Menurut dia, penurunan ini bisa dikaitkan dengan pepatah lama di dunia investasi, “Sell in May and Go Away” yang menyarankan investor untuk menjual aset mereka di bulan Mei dan kembali ke pasar setelah musim panas.
“Sementara pepatah ini lebih terkenal di pasar saham tradisional, banyak trader kripto juga mempertimbangkan pola musiman ini,” kata dia kepada Validnews.
Fyqieh mengatakan, beberapa trader percaya bahwa “Sell in May and Go Away” dapat diterapkan di pasar kripto untuk menghindari periode volatilitas tinggi atau penurunan harga yang sering terjadi selama musim panas.
“Selama musim panas, biasanya volume trading cenderung menurun karena banyak investor dan trader yang berlibur,” ucapnya.
Berdasarkan pantauan Validnews, berdasarkan data dari Coinmarketcap, kapitalisasi pasar kripto global adalah US$2,39 triliun atau turun 0,41% dari hari terakhir. Bitcoin pada pukul 16.44 WIB juga alami penurunan, 0,58% atau senilai US$66.279.
Putusan The Fed
Di sisi lain, Fyqieh mengatakan, pengumuman data ekonomi dan regulasi sering terjadi pada paruh pertama tahun, mempengaruhi sentimen pasar.
Seperti pada tahun ini, penurunan di bulan Juni lalu terjadi saat pengumuman Mt. Gox mengenai rencana untuk memulai pembayaran kembali BTC kepada kreditor mulai bulan Juli.
Selain itu, antisipasi The Fed yang akan menerapkan pemotongan suku bunga pada paruh kedua tahun ini juga mempengaruhi pasar, mengingat data ekonomi AS pada saat itu cenderung negatif.
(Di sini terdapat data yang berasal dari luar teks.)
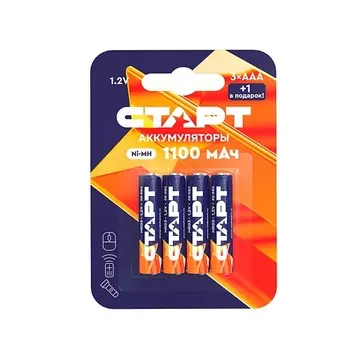 СТАРТ Батарейки ААА мизинчиковые аккумуляторные, аккумуляторы 1100 мАч Ni-Mh, набор 4.0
“Pemotongan suku bunga yang lebih rendah umumnya meningkatkan daya tarik aset yang lebih berisiko, termasuk kripto. Potensi pergeseran ekonomi makro yang menguntungkan akan menunjukkan tren bullish yang berkelanjutan di pasar kripto,” kata dia.
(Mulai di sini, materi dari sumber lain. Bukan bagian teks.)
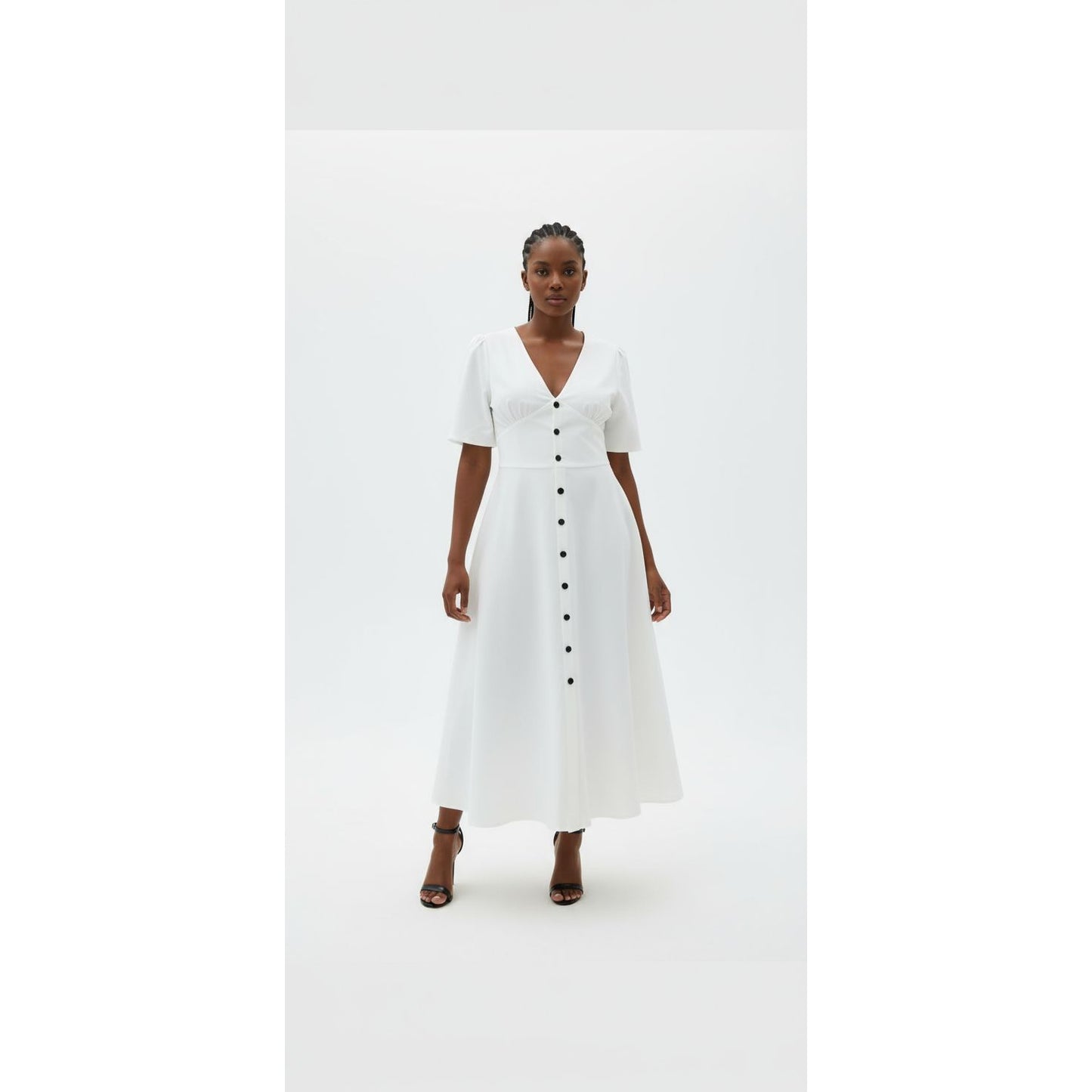 Button Down Short Sleeve V-neck Maxi Dress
Baca Juga: Kominfo Blokir Sosmed Kripto Exchange Luar, Ini Tanggapan Pengamat
Senada, Fahmi mengatakan pertemuan pejabat Bank Sentral Amerika Serikat, The Fed, pada 31 Juli ini akan menjadi momen yang sangat diperhatikan oleh para pelaku pasar.
Pasalnya, Fahmi melihat adanya kemungkinan suku bunga tidak akan berubah, opini dan outlook para pejabat The Fed yang akan dipaparkan pada pertemuan tersebut akan menjadi petunjuk penting terkait arah kebijakan yang akan dibuat dalam beberapa bulan ke depan.
“Pasar telah berekspektasi bahwa penurunan suku bunga akan dimulai pada September nanti, sehingga, berkembangnya indikasi akan kemungkinan percepatan penurunan suku bunga akan berpotensi menjadi katalis positif yang cukup kuat, begitu juga sebaliknya,” imbuhnya.
Menariknya, keduanya melihat meskipun terdapat faktor-faktor yang menekan harga, beberapa analis memprediksi bahwa likuiditas yang kembali ke pasar kripto setelah musim panas dan kebijakan moneter yang lebih longgar dapat menjadi katalis utama untuk rebound harga Bitcoin di akhir tahun.
Prediksi Akhir Tahun
Lebih jauh, Fyqieh mengatakan, untuk semester II/2024 ini akan menarik dan penuh potensi untuk pasar kripto. Kemungkinan besar harga Bitcoin bisa mencapai nilai tertinggi sepanjang masa yang baru lagi di Q4 2024.
Proyeksi harga Bitcoin di akhir tahun dipengaruhi oleh berbagai faktor, termasuk potensi penurunan suku bunga The Fed, pemilu AS dan meningkatnya minat dari institusi keuangan besar, termasuk perdagangan ETF Bitcoin dan Ethereum.
“Prediksi di akhir tahun nanti, jika melihat Desember secara historis merupakan bulan yang bullish untuk pasar kripto, dengan Bitcoin diharapkan menerima likuiditas yang signifikan,” ucap Fyqieh.
Dia menuturkan, arus masuk ini dapat mendorong kenaikan substansial melampaui US$80.000, menarik investor dan trader baru dan modal segar.
“Sentimen pasar mungkin menjadi sangat optimis, mengantisipasi dimulainya bull run baru. Pada akhir bulan, peningkatan volatilitas dapat mendorong Bitcoin ke titik tertinggi sepanjang masa di atas US$82.000 atau sekitar Rp1,3 miliar,” imbuhnya.